DESCRIPTION OF THE TASK - The lines to repeat are those below from the one containing "Feel The Waves" down to the one containing "hotel kyriad saint malo centre plage", both included; reproduce them exactly and nothing else.

[Web page caption snippets]
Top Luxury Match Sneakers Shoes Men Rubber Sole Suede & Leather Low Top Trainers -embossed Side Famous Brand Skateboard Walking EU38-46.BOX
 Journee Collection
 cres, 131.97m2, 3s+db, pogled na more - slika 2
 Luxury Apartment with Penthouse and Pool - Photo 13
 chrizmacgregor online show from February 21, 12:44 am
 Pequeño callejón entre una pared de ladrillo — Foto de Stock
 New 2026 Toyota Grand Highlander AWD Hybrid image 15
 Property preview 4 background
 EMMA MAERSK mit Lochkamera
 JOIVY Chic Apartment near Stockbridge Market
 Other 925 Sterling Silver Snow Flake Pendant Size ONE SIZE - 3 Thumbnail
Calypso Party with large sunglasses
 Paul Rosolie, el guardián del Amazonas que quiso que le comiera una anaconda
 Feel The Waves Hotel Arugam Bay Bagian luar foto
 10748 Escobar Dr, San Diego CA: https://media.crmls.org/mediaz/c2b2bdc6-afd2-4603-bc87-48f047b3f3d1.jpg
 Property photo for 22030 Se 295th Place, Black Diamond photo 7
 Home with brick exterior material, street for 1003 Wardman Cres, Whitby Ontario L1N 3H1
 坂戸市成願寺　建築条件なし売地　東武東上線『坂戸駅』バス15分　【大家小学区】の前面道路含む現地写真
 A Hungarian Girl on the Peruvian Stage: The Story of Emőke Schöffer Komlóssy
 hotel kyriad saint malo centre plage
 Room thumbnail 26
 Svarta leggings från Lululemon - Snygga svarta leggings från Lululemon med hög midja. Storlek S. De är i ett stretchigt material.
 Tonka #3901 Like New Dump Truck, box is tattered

RESPONSE TO THE TASK -
 Feel The Waves Hotel Arugam Bay Bagian luar foto
 10748 Escobar Dr, San Diego CA: https://media.crmls.org/mediaz/c2b2bdc6-afd2-4603-bc87-48f047b3f3d1.jpg
 Property photo for 22030 Se 295th Place, Black Diamond photo 7
 Home with brick exterior material, street for 1003 Wardman Cres, Whitby Ontario L1N 3H1
 坂戸市成願寺　建築条件なし売地　東武東上線『坂戸駅』バス15分　【大家小学区】の前面道路含む現地写真
 A Hungarian Girl on the Peruvian Stage: The Story of Emőke Schöffer Komlóssy
 hotel kyriad saint malo centre plage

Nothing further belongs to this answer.